• **Problem to solve**: In the data below, locate the line containing "Today I'm going" and the line containing "After sending the", then retype both and everything between them exactly. Pictures are not part of the copy.

• **Given data**:
'''

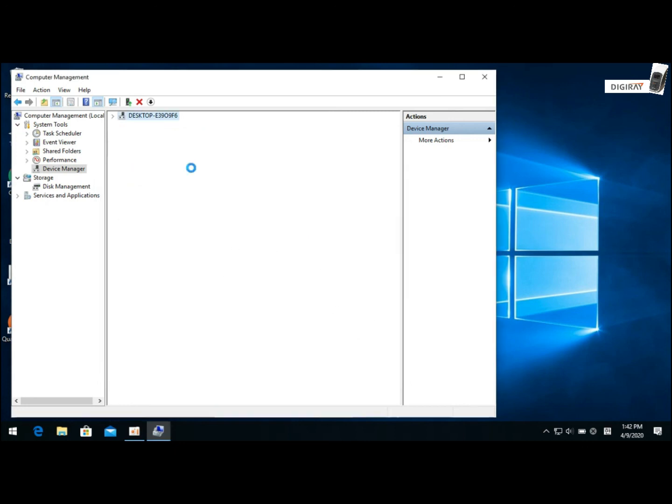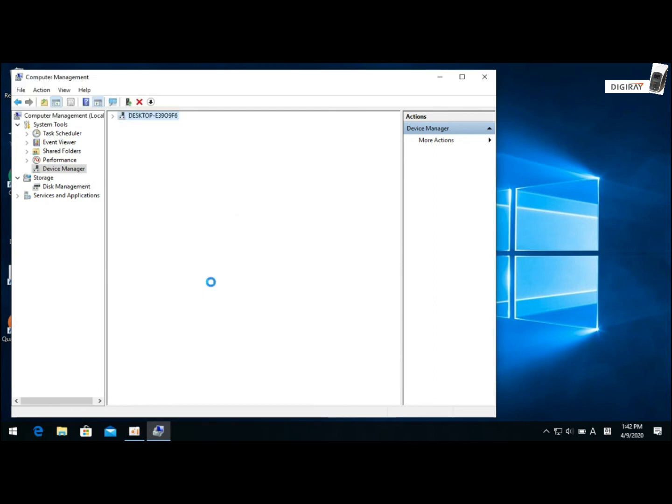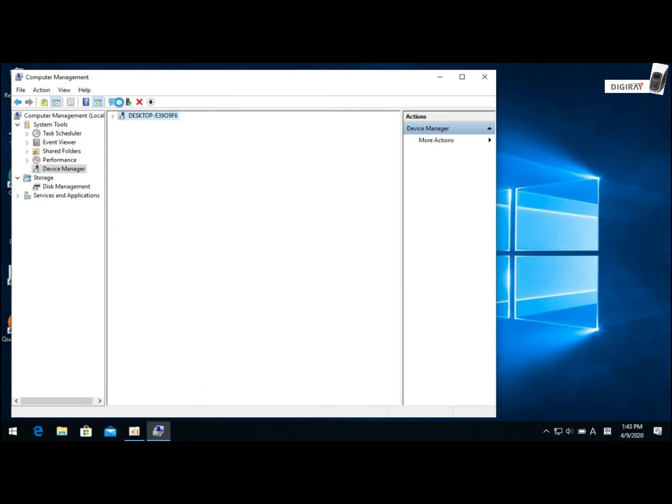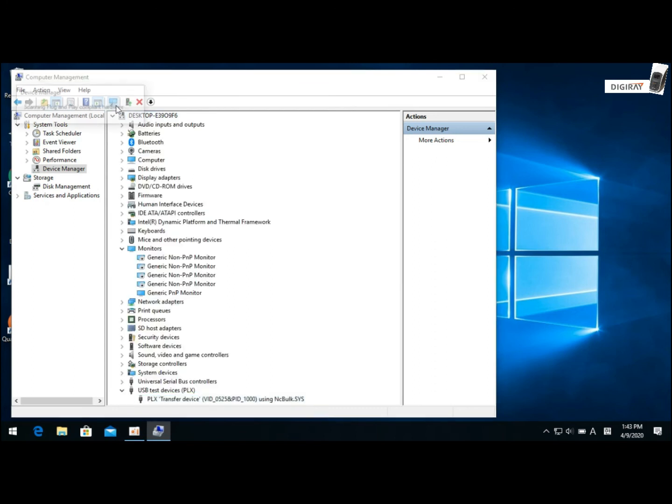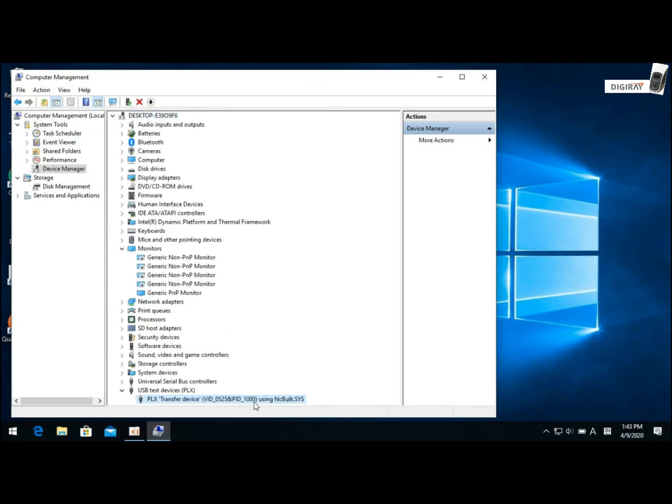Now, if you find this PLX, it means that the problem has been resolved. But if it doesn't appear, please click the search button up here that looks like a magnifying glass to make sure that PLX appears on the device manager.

'''
'''

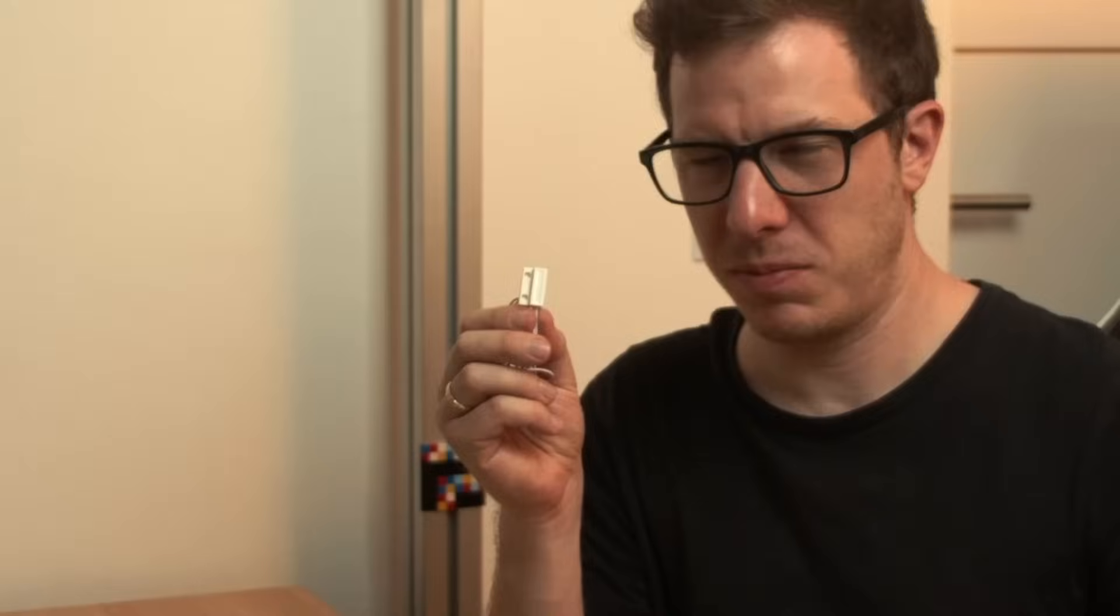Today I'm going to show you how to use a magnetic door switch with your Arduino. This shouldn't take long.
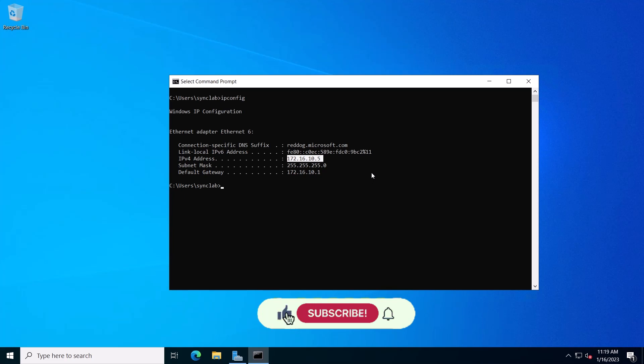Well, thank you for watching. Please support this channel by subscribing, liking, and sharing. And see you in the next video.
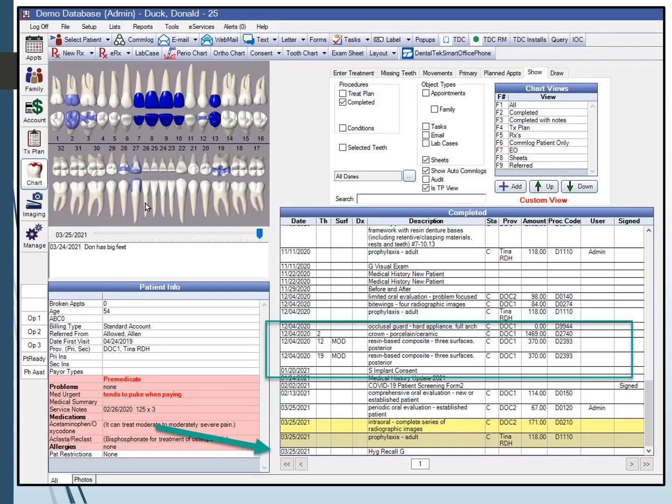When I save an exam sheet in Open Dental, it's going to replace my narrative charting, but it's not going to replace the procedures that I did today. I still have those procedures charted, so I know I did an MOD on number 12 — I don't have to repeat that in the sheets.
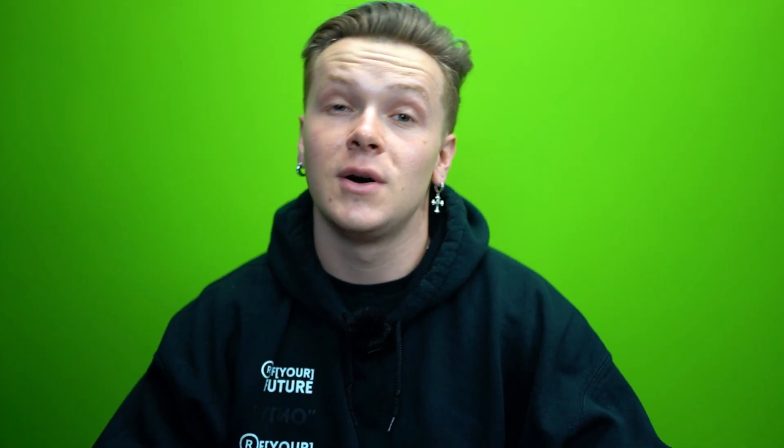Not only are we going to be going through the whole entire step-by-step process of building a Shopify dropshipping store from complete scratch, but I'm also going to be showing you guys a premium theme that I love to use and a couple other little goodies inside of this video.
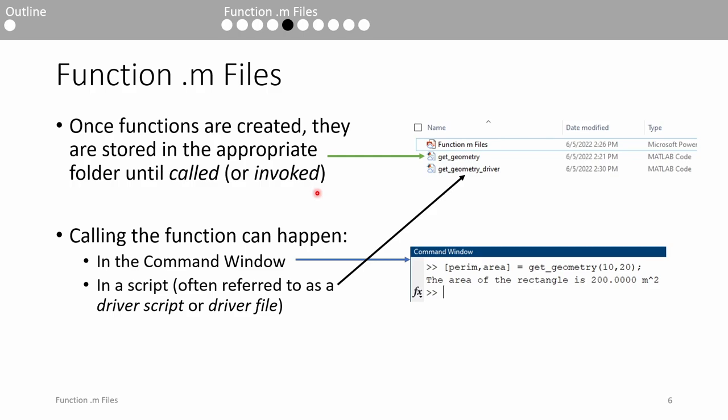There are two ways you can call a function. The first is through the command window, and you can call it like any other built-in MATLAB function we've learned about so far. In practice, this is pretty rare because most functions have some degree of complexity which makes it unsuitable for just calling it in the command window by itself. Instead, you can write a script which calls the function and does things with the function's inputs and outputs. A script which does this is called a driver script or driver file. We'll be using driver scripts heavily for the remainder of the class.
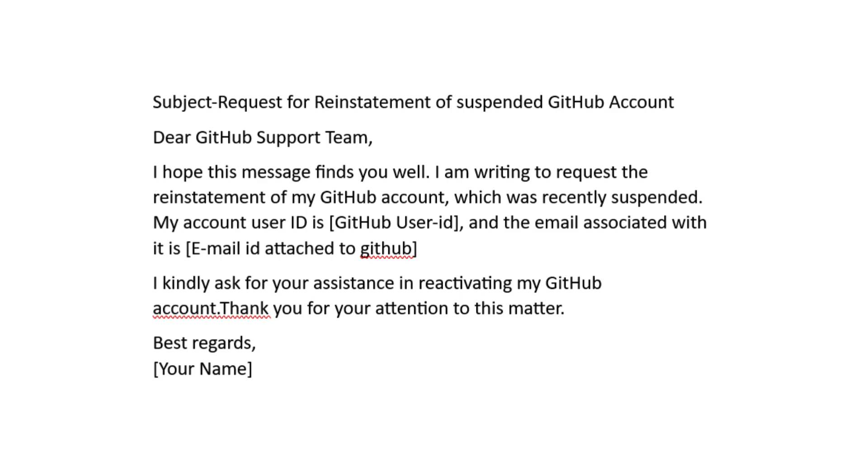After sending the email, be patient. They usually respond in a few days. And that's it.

'''

• **Answer section**:
Today I'm going to show you how to use a magnetic door switch with your Arduino. This shouldn't take long.
Well, thank you for watching. Please support this channel by subscribing, liking, and sharing. And see you in the next video.
When I save an exam sheet in Open Dental, it's going to replace my narrative charting, but it's not going to replace the procedures that I did today. I still have those procedures charted, so I know I did an MOD on number 12 — I don't have to repeat that in the sheets.
Not only are we going to be going through the whole entire step-by-step process of building a Shopify dropshipping store from complete scratch, but I'm also going to be showing you guys a premium theme that I love to use and a couple other little goodies inside of this video.
There are two ways you can call a function. The first is through the command window, and you can call it like any other built-in MATLAB function we've learned about so far. In practice, this is pretty rare because most functions have some degree of complexity which makes it unsuitable for just calling it in the command window by itself. Instead, you can write a script which calls the function and does things with the function's inputs and outputs. A script which does this is called a driver script or driver file. We'll be using driver scripts heavily for the remainder of the class.
After sending the email, be patient. They usually respond in a few days. And that's it.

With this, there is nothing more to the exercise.